California's Flintstones house safe from extinction following courtroom victory
From the town of Hillsborough, it's a page right out of history
Florence Fang is a a woman who had a bold dream. Unlike most of us, she was able to make her dream come true, buying a full-on Flintstones house made up of lumpy, brightly colored domes and filling its garden with statues of dinosaurs, characters from the show, and, for whatever reason, a modern giraffe. Obviously jealous of her artistic vision, officials from the city of Hillsborough, California tried to destroy her home by launching an extinction-level lawsuit that, we’re pleased to report, has now been settled in Fang’s favor.

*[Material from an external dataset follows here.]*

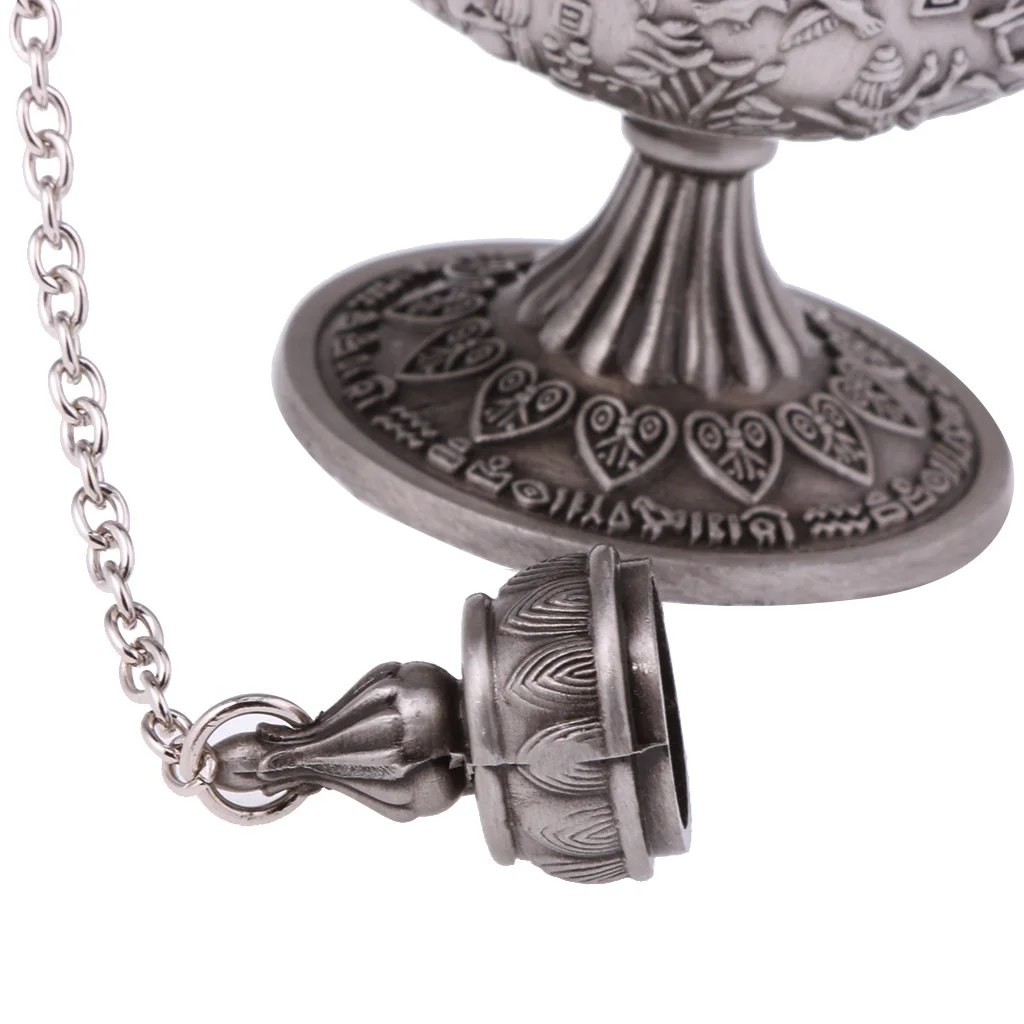 Винтажный стиль волшебный цветок панто арабсветильник свет фотобокс украшения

CNN marked this victory with a story about the lawsuit, brought against Fang in 2019 by “local officials” who claimed her house was a public nuisance that “violated codes.” She counter-sued, winning the right to have cool dinosaur statues outside of her home, and the ability to “apply for building permits for changes to the property” going forward. She was also awarded $125,000, which should be enough to cover the installation of at least one more towering prehistoric beast.
A Business Insider video provides the origins of the home. It was built in 1976 by an architect who says he was more inspired by the domed ceiling of Istanbul’s Blue Mosque than by the architecture of a Hanna-Barbera cartoon. Nonetheless, Fang bought the place in 2017—for $2.8 million goddamned dollars—and decided to capitalize on the Stone Age features by really leaning into the Flintstones aspects of its aesthetic.
Where Lord George Of R.R. Martin has so far failed to defeat local authorities in a quest to live in a fantasy world, Fang has triumphed. Good for her, we say. Maybe, if she’s really lucky, that Flintstones reboot can film a few scenes in her living room.